Because the two trading strategies shown above are based on disparate return drivers, the correlation of their returns is zero. As a result, by simply combining the two trading strategies shown above, we can create a portfolio with performance that is better, and more predictable, than either of the strategies alone.
This is the simple premise on which Brandywine’s Symphony program is built. By combining dozens of independent trading strategies, which each produces profits and losses independent of the others, Brandywine’s Symphony program is able to earn the average return of each, while dramatically reducing drawdown and, here’s the most important benefit, increasing the probability that our future performance will match our past performance. This is because Brandywine is not dependent on any single market environment or condition to produce profits. Instead, our overall performance is the result of the combination of hundreds of strategy-market performances, each one of which is based on its own distinct return driver, independent of the others.

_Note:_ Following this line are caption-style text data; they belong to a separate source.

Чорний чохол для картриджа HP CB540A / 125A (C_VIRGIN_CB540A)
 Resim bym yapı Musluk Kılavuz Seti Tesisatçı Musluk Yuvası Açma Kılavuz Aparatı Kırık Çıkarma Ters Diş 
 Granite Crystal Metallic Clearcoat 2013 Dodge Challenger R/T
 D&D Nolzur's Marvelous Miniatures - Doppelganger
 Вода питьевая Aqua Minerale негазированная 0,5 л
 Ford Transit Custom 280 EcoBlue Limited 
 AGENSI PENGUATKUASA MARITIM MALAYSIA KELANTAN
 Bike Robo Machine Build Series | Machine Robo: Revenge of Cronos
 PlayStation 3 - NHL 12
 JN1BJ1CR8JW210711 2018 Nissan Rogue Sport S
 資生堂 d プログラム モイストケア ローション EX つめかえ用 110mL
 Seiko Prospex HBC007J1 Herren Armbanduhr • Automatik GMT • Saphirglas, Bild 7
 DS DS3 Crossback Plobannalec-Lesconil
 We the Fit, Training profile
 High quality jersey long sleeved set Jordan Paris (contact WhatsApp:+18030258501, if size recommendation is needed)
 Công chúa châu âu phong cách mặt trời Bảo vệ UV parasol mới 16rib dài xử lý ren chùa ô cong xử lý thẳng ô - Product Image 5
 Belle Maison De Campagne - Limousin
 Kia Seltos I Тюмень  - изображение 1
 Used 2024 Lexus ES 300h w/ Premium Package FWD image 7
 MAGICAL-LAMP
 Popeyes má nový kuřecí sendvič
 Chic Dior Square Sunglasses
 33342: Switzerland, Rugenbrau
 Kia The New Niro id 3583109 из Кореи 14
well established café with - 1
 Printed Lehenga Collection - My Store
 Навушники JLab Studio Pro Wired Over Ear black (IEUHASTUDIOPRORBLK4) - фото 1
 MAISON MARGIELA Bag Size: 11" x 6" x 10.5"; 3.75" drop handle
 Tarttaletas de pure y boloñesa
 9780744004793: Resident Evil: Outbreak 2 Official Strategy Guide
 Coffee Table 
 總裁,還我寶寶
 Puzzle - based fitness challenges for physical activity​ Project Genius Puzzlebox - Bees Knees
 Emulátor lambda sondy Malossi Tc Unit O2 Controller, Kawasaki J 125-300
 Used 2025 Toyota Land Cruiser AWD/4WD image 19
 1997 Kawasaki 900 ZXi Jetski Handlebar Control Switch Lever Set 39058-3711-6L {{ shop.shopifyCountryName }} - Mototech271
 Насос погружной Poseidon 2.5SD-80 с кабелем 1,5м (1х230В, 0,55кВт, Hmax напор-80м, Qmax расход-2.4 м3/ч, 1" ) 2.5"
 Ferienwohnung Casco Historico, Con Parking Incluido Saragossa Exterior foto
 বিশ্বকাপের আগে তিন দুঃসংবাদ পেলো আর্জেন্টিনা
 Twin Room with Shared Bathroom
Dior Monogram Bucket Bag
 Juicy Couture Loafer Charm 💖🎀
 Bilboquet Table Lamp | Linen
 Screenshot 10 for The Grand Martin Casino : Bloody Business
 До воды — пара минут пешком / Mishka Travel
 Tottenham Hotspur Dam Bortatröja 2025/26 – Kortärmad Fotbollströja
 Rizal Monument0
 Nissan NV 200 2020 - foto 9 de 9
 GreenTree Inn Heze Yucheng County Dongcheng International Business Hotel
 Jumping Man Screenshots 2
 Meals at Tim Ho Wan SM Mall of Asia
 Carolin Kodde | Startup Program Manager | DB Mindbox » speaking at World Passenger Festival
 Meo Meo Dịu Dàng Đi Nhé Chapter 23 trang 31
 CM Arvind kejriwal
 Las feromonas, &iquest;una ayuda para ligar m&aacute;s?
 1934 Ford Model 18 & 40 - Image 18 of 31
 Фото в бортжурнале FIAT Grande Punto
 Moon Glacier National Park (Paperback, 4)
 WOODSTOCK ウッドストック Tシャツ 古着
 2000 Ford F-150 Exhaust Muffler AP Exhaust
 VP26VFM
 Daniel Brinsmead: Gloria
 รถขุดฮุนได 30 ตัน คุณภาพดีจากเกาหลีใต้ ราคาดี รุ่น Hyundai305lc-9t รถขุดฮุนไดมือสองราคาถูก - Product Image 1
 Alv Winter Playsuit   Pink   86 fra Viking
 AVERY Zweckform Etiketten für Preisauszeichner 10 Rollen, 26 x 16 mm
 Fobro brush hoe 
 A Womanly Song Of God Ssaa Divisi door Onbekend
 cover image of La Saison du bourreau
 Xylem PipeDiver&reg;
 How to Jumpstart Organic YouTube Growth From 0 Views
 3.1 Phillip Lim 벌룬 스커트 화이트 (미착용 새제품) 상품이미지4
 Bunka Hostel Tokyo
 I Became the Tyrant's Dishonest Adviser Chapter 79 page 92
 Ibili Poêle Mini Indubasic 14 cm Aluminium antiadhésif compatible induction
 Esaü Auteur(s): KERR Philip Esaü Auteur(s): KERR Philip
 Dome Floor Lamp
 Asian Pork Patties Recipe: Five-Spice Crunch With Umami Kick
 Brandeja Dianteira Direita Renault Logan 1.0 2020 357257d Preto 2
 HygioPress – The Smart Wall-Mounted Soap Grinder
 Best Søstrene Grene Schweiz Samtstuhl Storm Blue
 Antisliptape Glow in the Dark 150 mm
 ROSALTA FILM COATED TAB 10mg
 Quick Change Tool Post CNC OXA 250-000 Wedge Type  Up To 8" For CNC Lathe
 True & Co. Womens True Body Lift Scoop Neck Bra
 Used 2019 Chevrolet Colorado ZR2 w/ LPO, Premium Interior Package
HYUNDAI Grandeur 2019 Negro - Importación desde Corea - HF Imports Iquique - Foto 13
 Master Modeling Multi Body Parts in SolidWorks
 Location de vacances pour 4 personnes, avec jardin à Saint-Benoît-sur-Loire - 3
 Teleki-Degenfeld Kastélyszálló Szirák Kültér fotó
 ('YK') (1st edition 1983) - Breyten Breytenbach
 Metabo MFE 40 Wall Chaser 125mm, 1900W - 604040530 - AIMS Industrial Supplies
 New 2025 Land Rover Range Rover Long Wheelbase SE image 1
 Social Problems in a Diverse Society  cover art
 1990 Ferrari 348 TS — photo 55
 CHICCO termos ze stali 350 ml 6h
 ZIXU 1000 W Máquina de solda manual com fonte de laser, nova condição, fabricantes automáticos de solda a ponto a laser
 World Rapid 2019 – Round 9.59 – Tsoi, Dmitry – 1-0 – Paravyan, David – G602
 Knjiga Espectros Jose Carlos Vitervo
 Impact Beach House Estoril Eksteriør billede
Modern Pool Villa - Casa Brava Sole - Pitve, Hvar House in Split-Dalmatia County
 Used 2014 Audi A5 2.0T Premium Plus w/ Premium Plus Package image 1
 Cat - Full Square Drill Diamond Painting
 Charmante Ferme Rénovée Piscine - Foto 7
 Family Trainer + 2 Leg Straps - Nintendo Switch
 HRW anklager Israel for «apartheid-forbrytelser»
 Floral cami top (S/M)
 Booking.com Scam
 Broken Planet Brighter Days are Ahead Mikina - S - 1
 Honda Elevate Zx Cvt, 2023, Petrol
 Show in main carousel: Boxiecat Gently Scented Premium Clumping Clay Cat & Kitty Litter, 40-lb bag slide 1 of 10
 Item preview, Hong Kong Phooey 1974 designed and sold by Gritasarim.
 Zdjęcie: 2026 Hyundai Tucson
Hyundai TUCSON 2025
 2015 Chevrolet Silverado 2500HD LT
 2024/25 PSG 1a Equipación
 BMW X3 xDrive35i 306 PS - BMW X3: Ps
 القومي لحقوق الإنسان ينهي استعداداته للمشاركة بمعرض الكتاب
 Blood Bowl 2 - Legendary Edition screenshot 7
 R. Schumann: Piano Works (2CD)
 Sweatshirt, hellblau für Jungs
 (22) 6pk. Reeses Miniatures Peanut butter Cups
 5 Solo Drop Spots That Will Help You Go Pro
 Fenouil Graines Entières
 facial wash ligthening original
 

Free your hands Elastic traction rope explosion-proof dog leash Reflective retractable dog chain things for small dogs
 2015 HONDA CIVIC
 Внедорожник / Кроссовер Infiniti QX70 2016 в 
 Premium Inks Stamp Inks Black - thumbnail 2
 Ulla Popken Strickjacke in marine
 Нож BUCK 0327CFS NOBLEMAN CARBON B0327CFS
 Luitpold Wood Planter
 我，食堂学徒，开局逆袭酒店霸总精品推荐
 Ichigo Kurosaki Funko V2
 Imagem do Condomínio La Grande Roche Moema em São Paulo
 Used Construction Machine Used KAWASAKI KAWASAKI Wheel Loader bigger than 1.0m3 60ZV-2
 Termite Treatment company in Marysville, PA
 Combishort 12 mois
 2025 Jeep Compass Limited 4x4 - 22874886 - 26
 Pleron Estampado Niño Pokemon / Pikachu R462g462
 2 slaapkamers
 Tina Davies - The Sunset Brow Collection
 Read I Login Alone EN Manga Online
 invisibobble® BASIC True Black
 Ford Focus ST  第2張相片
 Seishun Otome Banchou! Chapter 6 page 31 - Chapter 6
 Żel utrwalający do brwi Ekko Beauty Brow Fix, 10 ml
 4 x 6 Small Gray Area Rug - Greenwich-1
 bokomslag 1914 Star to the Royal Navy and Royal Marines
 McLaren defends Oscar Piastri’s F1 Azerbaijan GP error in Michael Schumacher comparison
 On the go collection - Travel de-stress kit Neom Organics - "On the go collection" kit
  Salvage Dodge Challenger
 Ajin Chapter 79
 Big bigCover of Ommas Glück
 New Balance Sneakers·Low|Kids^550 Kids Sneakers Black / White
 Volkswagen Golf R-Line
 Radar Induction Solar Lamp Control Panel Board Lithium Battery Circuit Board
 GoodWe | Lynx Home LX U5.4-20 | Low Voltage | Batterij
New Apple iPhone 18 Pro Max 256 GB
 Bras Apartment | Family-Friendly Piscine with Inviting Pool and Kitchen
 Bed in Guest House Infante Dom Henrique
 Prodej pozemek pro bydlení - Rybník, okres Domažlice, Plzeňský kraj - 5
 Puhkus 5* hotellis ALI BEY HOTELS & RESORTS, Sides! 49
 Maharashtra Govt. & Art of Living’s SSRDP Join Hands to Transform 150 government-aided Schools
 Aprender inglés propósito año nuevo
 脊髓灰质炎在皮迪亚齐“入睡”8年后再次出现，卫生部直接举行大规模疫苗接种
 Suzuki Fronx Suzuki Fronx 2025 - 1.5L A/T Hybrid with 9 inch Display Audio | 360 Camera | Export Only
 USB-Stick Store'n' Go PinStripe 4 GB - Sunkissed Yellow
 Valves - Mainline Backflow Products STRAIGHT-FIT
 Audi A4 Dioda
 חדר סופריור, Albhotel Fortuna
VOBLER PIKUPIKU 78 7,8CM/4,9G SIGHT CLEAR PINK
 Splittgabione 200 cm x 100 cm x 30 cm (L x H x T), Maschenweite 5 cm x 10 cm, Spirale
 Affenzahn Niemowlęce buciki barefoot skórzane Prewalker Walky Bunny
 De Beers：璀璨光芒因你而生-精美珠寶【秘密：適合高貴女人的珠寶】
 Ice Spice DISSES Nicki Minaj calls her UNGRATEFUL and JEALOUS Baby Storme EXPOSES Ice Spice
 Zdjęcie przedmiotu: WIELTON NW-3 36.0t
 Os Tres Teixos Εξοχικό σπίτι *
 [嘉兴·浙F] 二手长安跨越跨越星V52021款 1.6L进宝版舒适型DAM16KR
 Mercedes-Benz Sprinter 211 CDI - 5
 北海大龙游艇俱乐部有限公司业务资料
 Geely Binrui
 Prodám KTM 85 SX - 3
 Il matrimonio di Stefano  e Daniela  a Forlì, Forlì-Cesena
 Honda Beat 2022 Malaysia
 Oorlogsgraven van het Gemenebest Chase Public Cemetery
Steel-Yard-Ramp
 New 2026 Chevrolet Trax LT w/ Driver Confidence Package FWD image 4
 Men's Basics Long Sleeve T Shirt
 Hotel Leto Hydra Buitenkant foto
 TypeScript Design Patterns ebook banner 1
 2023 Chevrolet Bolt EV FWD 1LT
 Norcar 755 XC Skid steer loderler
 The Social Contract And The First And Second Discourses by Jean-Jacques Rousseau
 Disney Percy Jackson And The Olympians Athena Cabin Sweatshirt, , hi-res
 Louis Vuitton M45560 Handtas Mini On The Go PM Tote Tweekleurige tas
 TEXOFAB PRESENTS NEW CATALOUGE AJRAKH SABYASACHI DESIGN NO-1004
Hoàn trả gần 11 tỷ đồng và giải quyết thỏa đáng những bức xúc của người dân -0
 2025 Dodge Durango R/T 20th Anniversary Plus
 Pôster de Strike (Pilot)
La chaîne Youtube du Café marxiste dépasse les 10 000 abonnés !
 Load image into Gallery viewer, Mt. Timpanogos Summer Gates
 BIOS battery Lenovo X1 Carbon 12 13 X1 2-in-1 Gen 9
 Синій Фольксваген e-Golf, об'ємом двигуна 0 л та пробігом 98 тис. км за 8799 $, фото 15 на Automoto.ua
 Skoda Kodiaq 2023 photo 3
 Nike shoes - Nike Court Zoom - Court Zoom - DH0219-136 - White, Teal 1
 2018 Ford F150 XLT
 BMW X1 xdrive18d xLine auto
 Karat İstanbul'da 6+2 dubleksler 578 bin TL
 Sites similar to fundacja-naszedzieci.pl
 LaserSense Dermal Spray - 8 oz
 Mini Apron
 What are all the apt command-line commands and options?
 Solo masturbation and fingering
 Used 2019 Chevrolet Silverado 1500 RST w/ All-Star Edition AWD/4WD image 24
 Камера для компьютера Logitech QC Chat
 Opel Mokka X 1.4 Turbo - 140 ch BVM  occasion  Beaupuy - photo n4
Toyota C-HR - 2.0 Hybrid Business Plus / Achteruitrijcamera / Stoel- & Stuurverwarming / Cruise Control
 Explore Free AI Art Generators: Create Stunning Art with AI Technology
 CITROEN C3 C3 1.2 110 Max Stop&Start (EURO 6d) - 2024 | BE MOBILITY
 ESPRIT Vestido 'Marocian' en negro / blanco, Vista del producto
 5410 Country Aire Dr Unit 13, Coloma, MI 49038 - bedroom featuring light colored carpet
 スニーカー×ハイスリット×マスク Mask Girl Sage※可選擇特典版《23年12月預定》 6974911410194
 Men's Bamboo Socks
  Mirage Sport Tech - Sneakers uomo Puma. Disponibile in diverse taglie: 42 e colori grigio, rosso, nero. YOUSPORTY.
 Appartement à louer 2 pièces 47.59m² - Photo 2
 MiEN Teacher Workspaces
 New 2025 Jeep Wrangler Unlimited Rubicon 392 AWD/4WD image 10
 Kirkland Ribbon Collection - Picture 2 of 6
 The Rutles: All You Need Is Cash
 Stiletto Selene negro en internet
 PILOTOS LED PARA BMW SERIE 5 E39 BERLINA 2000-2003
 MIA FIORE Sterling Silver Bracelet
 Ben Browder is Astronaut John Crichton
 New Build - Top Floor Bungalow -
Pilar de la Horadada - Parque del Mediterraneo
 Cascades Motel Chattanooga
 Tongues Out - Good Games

While the concept of true portfolio diversification is simple, its execution is not. Brandywines’ Symphony program is the culmination of more than 30 years of research and trading by Brandywine. We pioneered the use of fundamentally-based trading strategies in a 100% systematic portfolio. Perhaps most important, is the method Brandywine developed to allocate capital across its trading strategies and markets. Unlike most portfolio modeling formulas, which are designed to produce the best risk-adjusted results, Brandywine developed a portfolio allocation model with the primary goal of producing predictable performance. The effectiveness of this approach is evident in our results, where our actual performance continues to perform in line with both our past actual and tested performance.